> _Materials provided_:
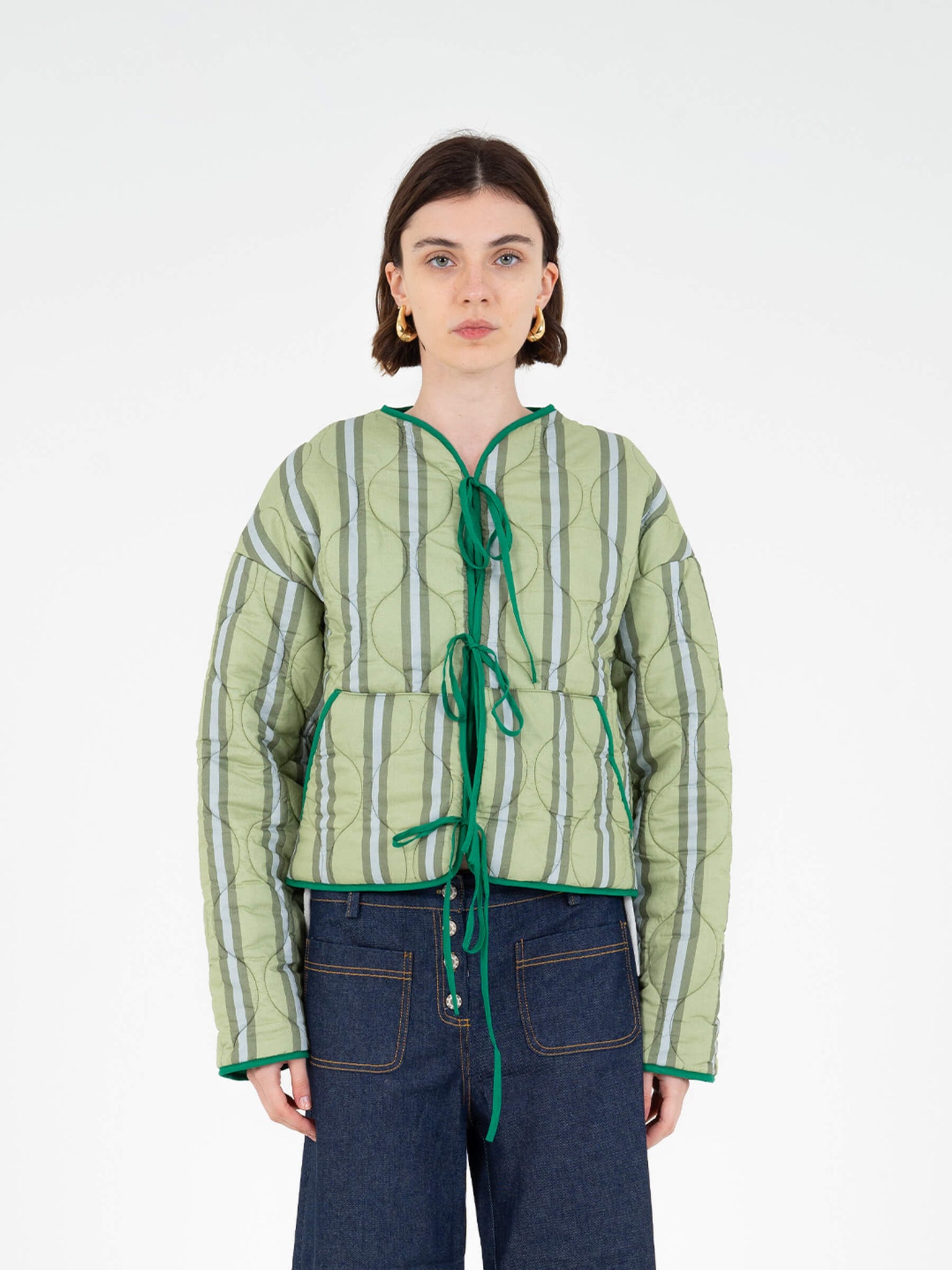 Euphoria striped puffer jacket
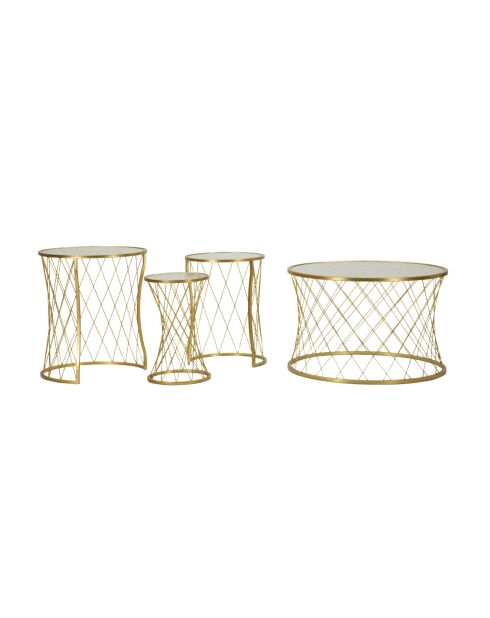 4 goldene Noah Couchtische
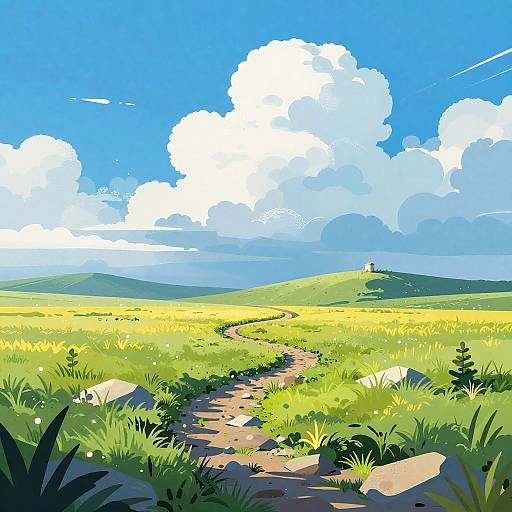 Minimalist Vector Stormy Grassland Landscape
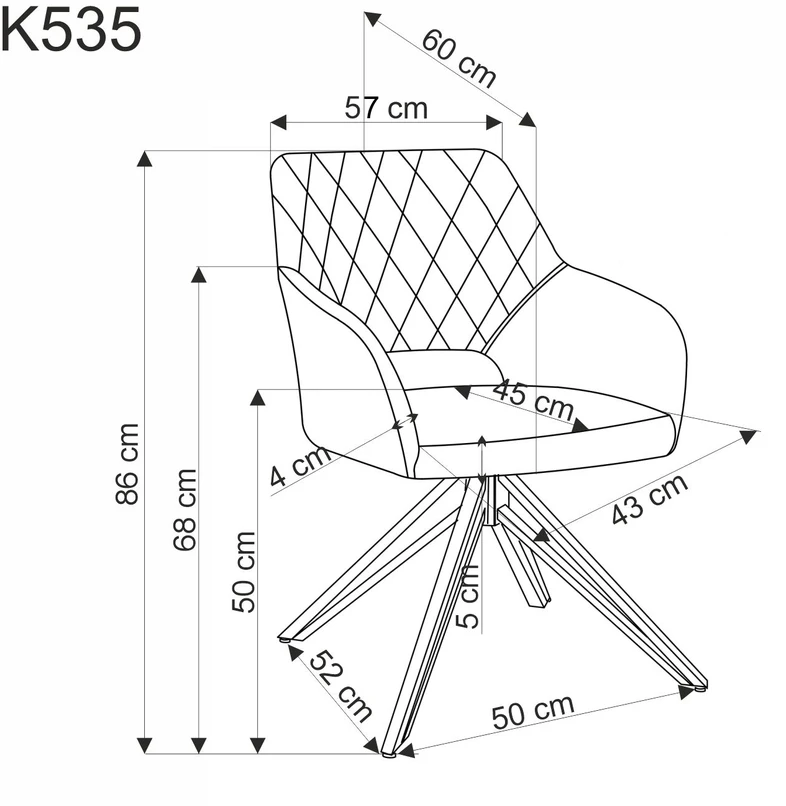 K535 K536 kėdė, pilka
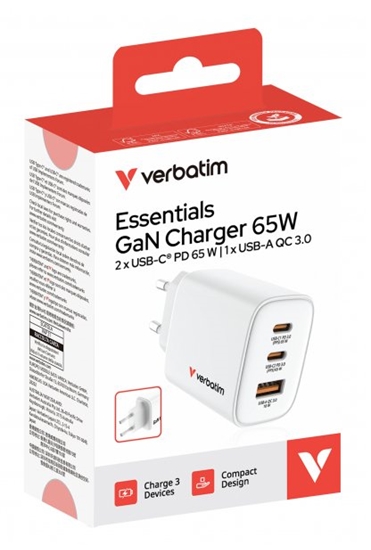 Picture of Verbatim Essentials GaN Charger 65W 2xUSB-C/1xUSB-A weiß   32353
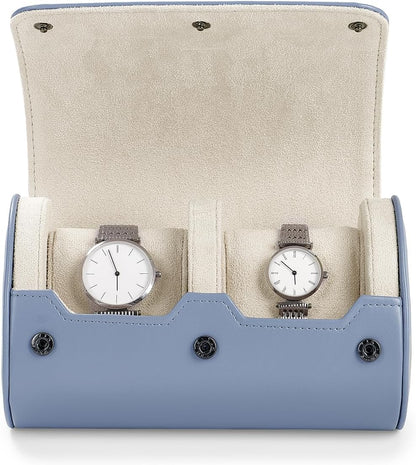 Oirlv PU Leather Watch Box for Mens Watch Organizer Case Jewelry Gift Box for Birthday Fathers Day Anniversary(2 slots, Sky Blue)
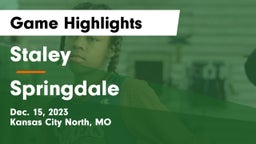 Staley  vs Springdale  Game Highlights - Dec. 15, 2023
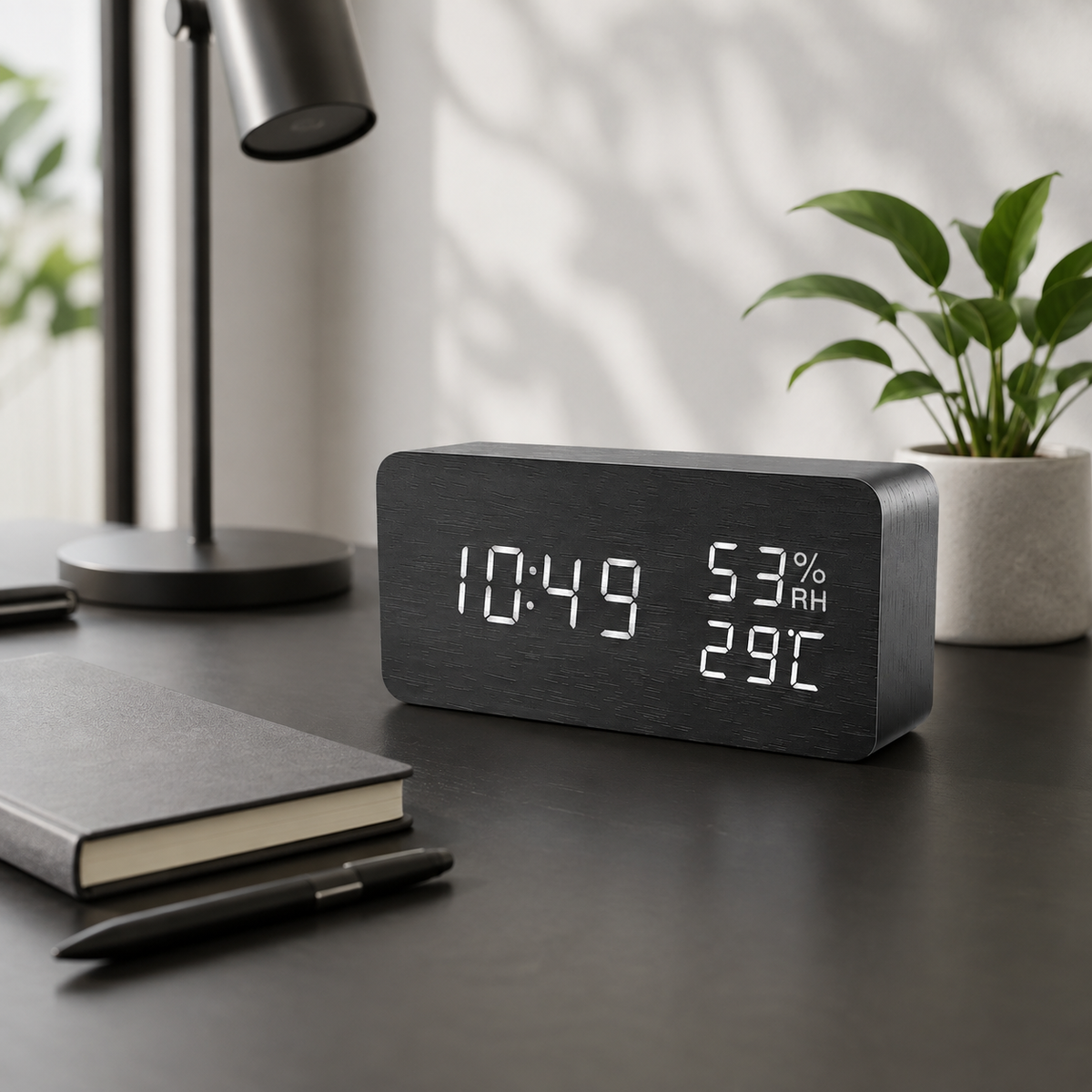Digitaler Wecker aus Holz, LED-Tischuhr mit Thermometer und Hygrometer, Sprachaktivierung für Schlafzimmer und Schreibtisch | Sansoti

> _What to do_: Images must not appear; print each record precisely as it reads.

> _Exercise output_:
 Euphoria striped puffer jacket
 4 goldene Noah Couchtische
 Minimalist Vector Stormy Grassland Landscape
 K535 K536 kėdė, pilka
 Picture of Verbatim Essentials GaN Charger 65W 2xUSB-C/1xUSB-A weiß   32353
 Oirlv PU Leather Watch Box for Mens Watch Organizer Case Jewelry Gift Box for Birthday Fathers Day Anniversary(2 slots, Sky Blue)
 Staley  vs Springdale  Game Highlights - Dec. 15, 2023
Digitaler Wecker aus Holz, LED-Tischuhr mit Thermometer und Hygrometer, Sprachaktivierung für Schlafzimmer und Schreibtisch | Sansoti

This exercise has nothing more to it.